RIAs that currently custody with Schwab and do not already have the insurance coverage will be required to get it sometime in the coming year, a representative for Schwab said. The same representative declined to specify when exactly RIAs will need to be covered. RIAs new to Schwab will have 90 days within signing their service agreement to acquire the mandated coverage.

Any TD Ameritrade RIA will need to have the insurance as they transition to Schwab’s platform, a representative for Schwab told RIA Intel in an email.

RIABiz first reported Schwab’s new insurance requirements Thursday evening.

Just 76 percent of RIAs have cybersecurity insurance, according to Schwab’s 2021 RIA Benchmarking study, which surveyed 1,340 advisory firms managing more than $1.5 trillion in aggregate.

“Independent advisors have been growing quickly, and while this growth and success is overwhelmingly positive for investors and RIAs alike, it does bring increased operational risks as firms expand and day-to-day operations become more complex,” Ian Muir, managing director of advisor controls and trading at Schwab Advisor Services, said in a written statement.

[Like this article? Subscribe to RIA Intel’s’ thrice-weekly newsletter.]
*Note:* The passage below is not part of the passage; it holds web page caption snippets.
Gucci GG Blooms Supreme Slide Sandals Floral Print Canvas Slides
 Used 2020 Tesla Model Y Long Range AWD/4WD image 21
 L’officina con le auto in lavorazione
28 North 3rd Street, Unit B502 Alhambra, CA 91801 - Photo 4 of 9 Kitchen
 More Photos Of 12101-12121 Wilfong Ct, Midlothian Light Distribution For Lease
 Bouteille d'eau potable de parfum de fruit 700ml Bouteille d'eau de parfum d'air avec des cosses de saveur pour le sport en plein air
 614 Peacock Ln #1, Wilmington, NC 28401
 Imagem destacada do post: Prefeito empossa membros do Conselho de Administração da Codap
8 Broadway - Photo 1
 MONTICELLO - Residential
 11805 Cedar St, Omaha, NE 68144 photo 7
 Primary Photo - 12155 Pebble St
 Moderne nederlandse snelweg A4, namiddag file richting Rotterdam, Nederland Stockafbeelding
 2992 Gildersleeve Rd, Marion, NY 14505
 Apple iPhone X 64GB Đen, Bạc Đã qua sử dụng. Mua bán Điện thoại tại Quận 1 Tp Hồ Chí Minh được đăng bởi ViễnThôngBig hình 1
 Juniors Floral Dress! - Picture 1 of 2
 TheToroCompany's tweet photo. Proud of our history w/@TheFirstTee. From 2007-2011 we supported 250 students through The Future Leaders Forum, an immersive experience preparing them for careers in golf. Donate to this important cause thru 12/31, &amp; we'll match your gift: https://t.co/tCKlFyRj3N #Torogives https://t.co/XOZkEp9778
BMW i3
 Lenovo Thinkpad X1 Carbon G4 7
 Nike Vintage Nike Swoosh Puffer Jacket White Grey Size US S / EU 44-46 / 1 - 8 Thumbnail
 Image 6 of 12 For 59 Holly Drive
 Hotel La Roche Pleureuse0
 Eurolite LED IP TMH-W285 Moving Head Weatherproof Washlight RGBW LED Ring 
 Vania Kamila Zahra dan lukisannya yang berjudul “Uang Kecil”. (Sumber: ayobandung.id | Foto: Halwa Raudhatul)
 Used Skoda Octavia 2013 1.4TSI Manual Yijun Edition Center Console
In June of 2020, the Department of Justice approved Schwab’s acquisition of TD Ameritrade for $26 billion, bringing TD Ameritrade’s 6,000 advisors underneath the umbrella of one of the largest financial services companies in the world.

As companies grow, so do liabilities.

“This complexity, combined with rising industry fraud, cybercrime, and trading volatility, means it is critical for advisors to evaluate how well their firm is protected. Schwab believes that insurance is a vital component to managing risk at Schwab and in advisors’ businesses and is consistent with the commitment to being a fiduciary for clients,” Muir said.

Requiring this type of coverage protects both the company and their advisors in the event of a company-wide breach, according to Nick Weiner, program executive at insurance brokerage Varney Agency, which has about 500 wealth management firms as clients.

“Let’s say the hackers find a backdoor way into all 13,000 of the RIAs,” Weiner said. “No company on the planet could purchase enough insurance that would cover that sort of a loss. That would just be catastrophic.”

However, basic E&O insurance offered by most companies won’t include cybersecurity, Weiner said.

Cybersecurity policies typically cover things like funds transfer fraud, ransomware protection, credit monitoring for affected clients, and forensics investigations to help them through a cyber breach.

However, anything that falls under cybercrime, such as a phishing-related incident, theft by a hacker, or theft by an employee, which is also required by Schwab, may not be covered.

“Within an E&O insurance policy, theft is always excluded. Always. The only way to cover theft or crime is another term used in the industry, is through a specific crime coverage,” Weiner said.

Weiner recommends RIAs purchase two separate insurances, one that covers E&O and one that covers cybersecurity and crime. The cost of two separate policies is roughly the same as adding a cybersecurity endorsement to an existing E&O policy. Two policies also mean double the liability coverage.

“You’re paying about the same to have it endorsed on, but you’re not getting separate limits. So, what you’re doing now is you’re sharing the million dollars for your E&O policy, but you’re sharing it and opening it up to cyber exposures,” Weiner said.

The cost of insurance depends on the size of the firm, the number of clients, annual revenue, the limits of the claim, and the providers selected. RIAs spend 0.7 percent of annual revenue on insurance, according to the annual Schwab Benchmarking study.

Weiner said the starting price for cyber coverage with a crime component is around $1200 a year and which will go up based on certain rating factors like the number of employees and annual revenue.

At an RIA managing under $75 million in assets, $1 million in E&O coverage, with a $10,000 deductible, would cost a base premium of about $5,600, according to Weiner. The same policy for a company with $100 million under management can expect their premium to start around $6,900.

Weiner said three years ago only about 25 percent of his clients purchased standalone E&O and standalone cybersecurity insurance. Today 100 percent of his clients have a standalone policy for each one.

Two factors have led to the growth, he said. More insurance companies are offering cybersecurity policies and the increased competition has driven down prices, leading more RIAs to purchase it. Meanwhile, more advisors are also recognizing that cyber risk is real.

“You could do all the education in the world for your employees. You can have all the best security, but when it comes to software and things like that, if it can be built, it can be broken down,” Weiner said.

Clarification: This story was updated to clarify what type of insurance policies or coverage Schwab will require RIAs to have. Schwab is not explicitly requiring RIAs to have a standalone cybersecurity insurance policy. It is requiring certain coverage that can be achieved through endorsements and or standalone insurance policies.